If you didn’t know already, Nintendo is one of the biggest manufacturers of video games in the world. The Wii is their latest machine, and it has an interesting interface method: instead of pressing buttons with your fingers, you hold two controllers, or リモコン and wave them around in front of your TV. You really have to try it to understand it; the feeling of having two controllers in your hands and frantically flailing them about makes the whole experience much more enjoyable.
I’m currently battling my way through a game called Rayman Raving Rabbids. In it, a group of crazy ラビッツ try to take over the world, and challenge you, レーマン to a series of challenges to prove your worthiness. These take the form of a series of minigames, or single challanges. These may be races, dancing competitions, shootouts with hordes of rabbits out for your blood, or navigating through mazes. Admittedly the game doesn’t have a very solid plotline, but it is still enjoyable. Nevertheless, sometimes the screaming ラビッツ get on your nerves, and I have taken a break to write this blog entry.
I have somehow ended up with the Japanese version, and besides brushing up on my カタカナ, I have had to learn some new words to get through the game. Each minigame is different to all the others, so before you play, instructions on how to complete the challenge come up on the screen. As I have the Japanese version, I have to say… everything… out… loud… slowly… to… understand…, or fire up Firefox and use Rikachan to work out what I’m meant to do. I tell myself that all my hours spent on my Nintendo Wii counts as Japanese study time.
I have always had a fascination with ニンテンド, from when I was young enough to wrap my little fingers around a Nintendo Entertainment System control pad. You might even say that ニンテンド, and their rivals Sega first seeded my interest in all things Japanese. That and the fact that Japan was the only place I knew where grown ups read comic books.
I wouldn’t go so far to say that I’ve come so far with Japanese exclusively because of video games, but I guess they have been a factor in my childhood interest in Japan. Like so many young kids, I played a lot of video games, and was amazed to find out that almost all of my favourite games came from a small island country off the coast of mainland Asia. Although my interest in video games has waned, my interest in Japan has only grown stronger. So many unique things have come from Japan: not just Nintendo and Sega, but 侍, 盆栽, the Walkman, automatic toilets, ドラえもん, not to mention everyone’s favourite podcast.
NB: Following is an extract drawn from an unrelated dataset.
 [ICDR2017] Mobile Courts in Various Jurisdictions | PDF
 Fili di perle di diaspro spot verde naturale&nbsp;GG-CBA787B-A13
I know people often end blog posts with a question. You see, we bloggers aren’t always sure people are listening, so a question is a little bit like a to prod our readers to see if they are really there. But this time I really am interested (not that I wasn’t interested before, but you know what I mean!): what made you want to learn Japanese? It’s a question that a lot of Japanese people ask me, and I’ve never been able to give an answer to my satisfaction. I meant to attempt an answer in this post, but I can’t get it across. I hope that my fellow jPod listeners, of all people in the world, will know what I mean when I talk about my interest in Japan.
Maybe you find it hard to answer too. If you feel like it, leave a message!
I’m going back to blasting screaming bunnies with a toilet plunger (really!)